=== Exercise prompt ===
From the line containing "For Sale: $69,000" through the last line of the listing, output each line exactly as it stands. Omit pictures.

=== Data excerpt ===
===

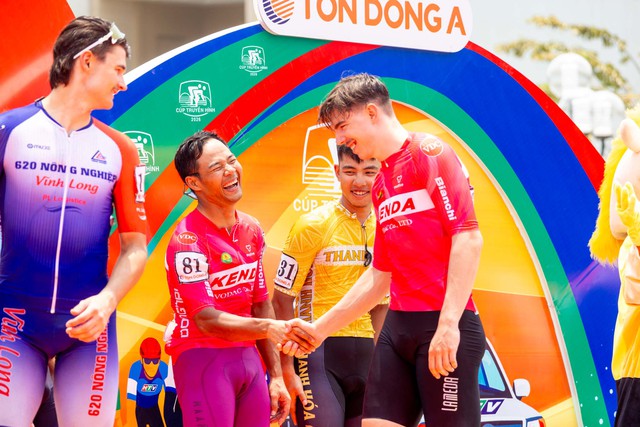 Ảnh đẹp chặng 11 Cúp Truyền hình 2026: Giữa miền Trung nắng gió- Ảnh 13.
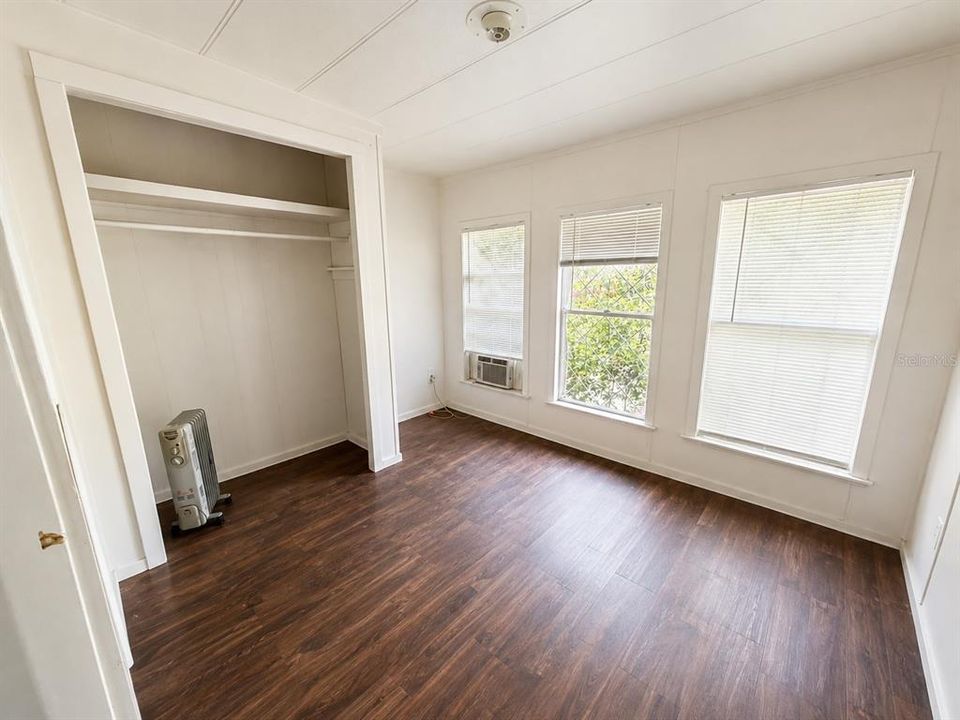 For Sale: $69,000 (2 beds, 2 baths, 792 Square Feet)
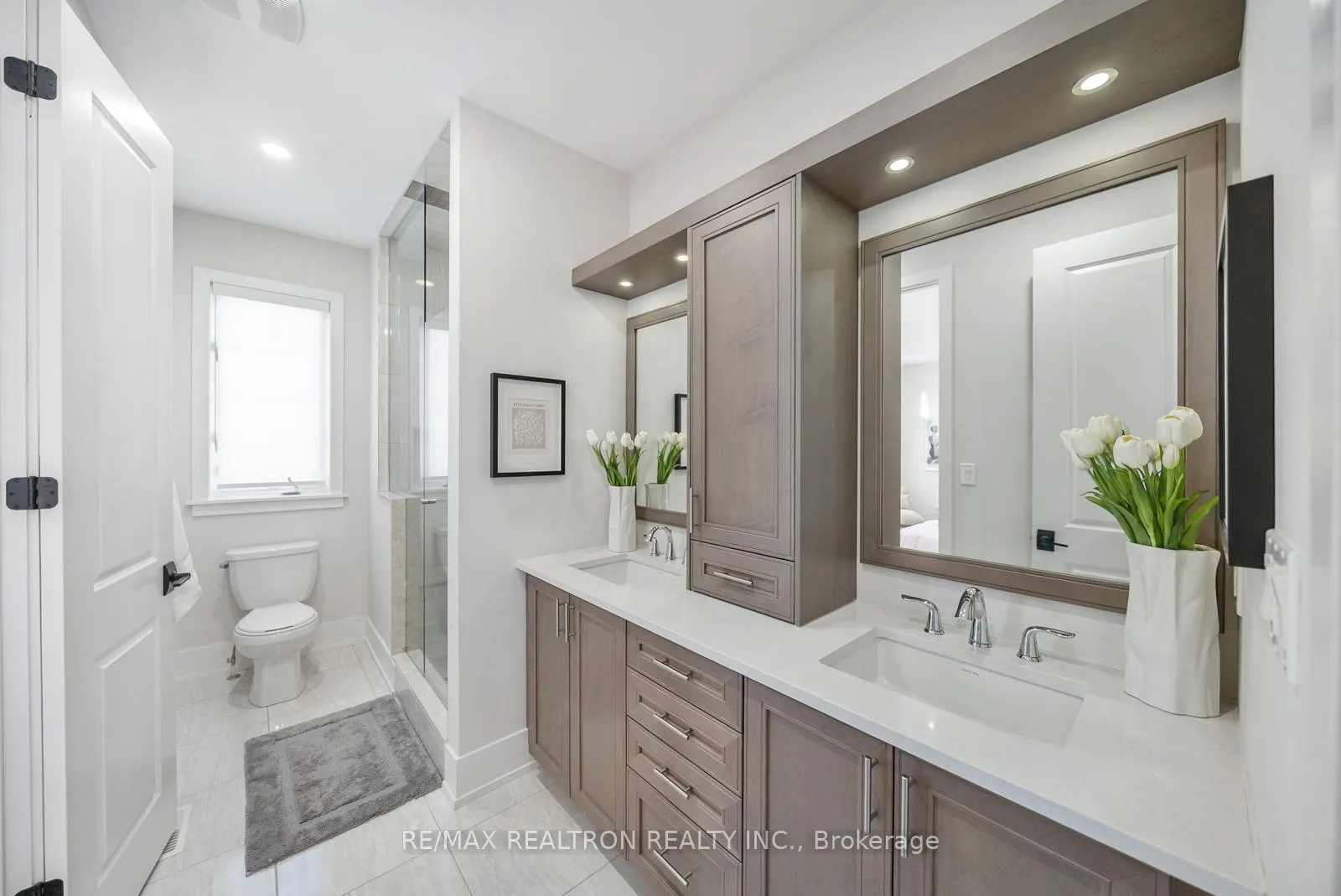 Photo 41 of 61 Cedarpoint Court, Vaughan, Patterson — HOMEH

===

=== Solution ===
 For Sale: $69,000 (2 beds, 2 baths, 792 Square Feet)
 Photo 41 of 61 Cedarpoint Court, Vaughan, Patterson — HOMEH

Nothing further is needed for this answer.